The use of artificial intelligence in software development is no longer experimental. It is practical and measurable. The following practices ensure that AI works as an accelerator instead of a liability.
Test Core Features Rigorously
AI models often generate code that appears correct but fails at runtime. Automated testing of core features is not optional. Configure tests to run by default and instruct the model not to mock functionality unless specifically requested.
Plan Before Generating Code
Structured design reduces error rates. Define requirements and workflows before involving an AI model. Unplanned prompting produces fragmented solutions that are harder to integrate.
Use Configuration Files
Most AI systems allow configuration that controls behavior. Establish config files to enforce consistent style, dependencies, and coding patterns. This reduces variance across outputs and saves time on cleanup.
Prompt Design with Precision
Prompts must be clear and explicit. ADEPT-style prompts (Action, Details, Examples, Parameters, Task) guide models toward reliable output. Vague instructions lead to unpredictable code.

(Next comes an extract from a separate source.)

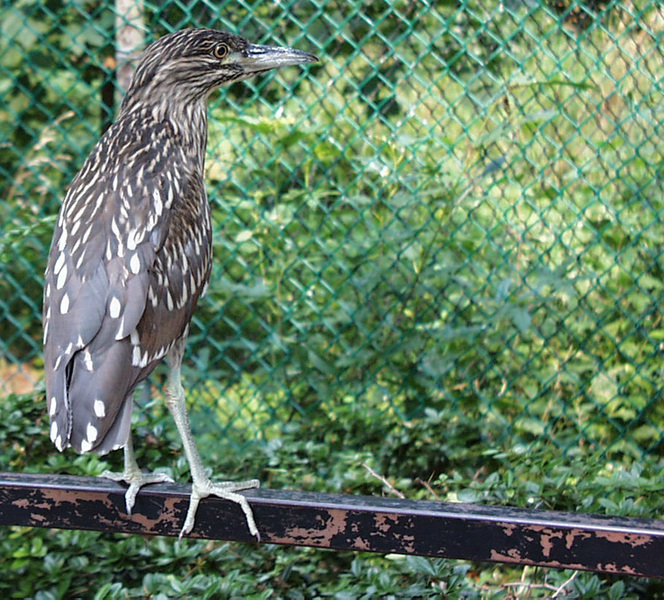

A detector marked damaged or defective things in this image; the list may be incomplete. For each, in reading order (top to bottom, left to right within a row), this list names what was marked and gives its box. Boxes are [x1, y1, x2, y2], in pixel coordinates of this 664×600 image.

rusted metal rail [1, 474, 664, 576]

Generate and Review with AI
AI is eager to code but weak at catching mistakes. A second pass with a review-focused prompt reduces oversight errors. Use the same model for generation and review, but phrase the review prompt as a critical analysis rather than another coding task.
Match Model to Task
Different models specialize in different workloads. Use lightweight models for boilerplate generation, but reserve advanced models for tasks involving system design or critical business logic. Aligning model choice with task complexity reduces cost and improves accuracy.